In imagination we see the plants in our spring garden, all in straight, thrifty rows with the fruits of each plant and vine numerous and beautiful as the pictures before us. How near the real garden of next summer approaches the ideal garden of our winter fancies depends upon how practically we dream and how we work.

It is so much easier to plan than it is to accomplish. When I started my small flock of Leghorns a few years ago, a friend inquired as to the profits of the flock and, taking my accounts as a basis, he figured I would be a millionaire within five years. The five years are past, but alas, I am still obliged to be economical. there was nothing wrong with my friend's figuring, except that he left out the word "if" and that made all the difference between profits figured out on paper and those worked out by actual experience.

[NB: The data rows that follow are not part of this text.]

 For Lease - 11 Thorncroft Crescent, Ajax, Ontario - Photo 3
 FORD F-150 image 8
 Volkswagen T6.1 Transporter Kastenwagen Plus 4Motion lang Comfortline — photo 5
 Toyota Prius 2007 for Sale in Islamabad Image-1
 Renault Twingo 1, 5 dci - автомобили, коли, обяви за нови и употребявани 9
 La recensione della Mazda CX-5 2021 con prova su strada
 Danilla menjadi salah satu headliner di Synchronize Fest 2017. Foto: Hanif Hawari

My Leghorns would have made me a millionaire—if the hens had performed according to schedule; if the hawks had loved field mice better than spring chickens; if I had been so constituted that I never became weary; if prices—but why enumerate? Because allowance for that word "if" was not made in the figuring, the whole result was wrong.

It is necessary that we dream now and then. No one ever achieved anything, from the smallest object to the greatest, unless the dream was dreamed first, yet those who stop at dreaming never accomplish anything. We must first see the vision in order to realize it; we must have the ideal or we cannot approach it; but when once the dream is dreamed it is time to wake up and "get busy." We must "do great deeds; not dream them all day long."

The dream is only the beginning. We'd starve to death if we went no further with that garden than making it by the fire in the seed catalog. It takes judgment to plant the seeds at the right time, in the right place, and hard digging to make them grow, whether in the vegetable garden or in the garden of our lives. The old proverb says, "God helps the man who helps himself," and I know that success in our undertakings can be made into a habit.

We can work our dreams out into realities if we try, but we must be willing to make the effort. Things that seem easy of accomplishment in dreams require a good common sense to put on a working basis and a great deal of energy to put thru to a successful end. When we make our dream gardens we must take into account the hot sun and the blisters on our hand; we must make allowance for and guard against the "ifs" so that when the time to work has come they will not be of so much importance.

We may dream those dreams of a farm of our own; of a comfortable home; of that education we are going to have and those still more excellent dreams of the brotherhood of man and liberty and justice for all; then let us work to make this "the land where dreams come true."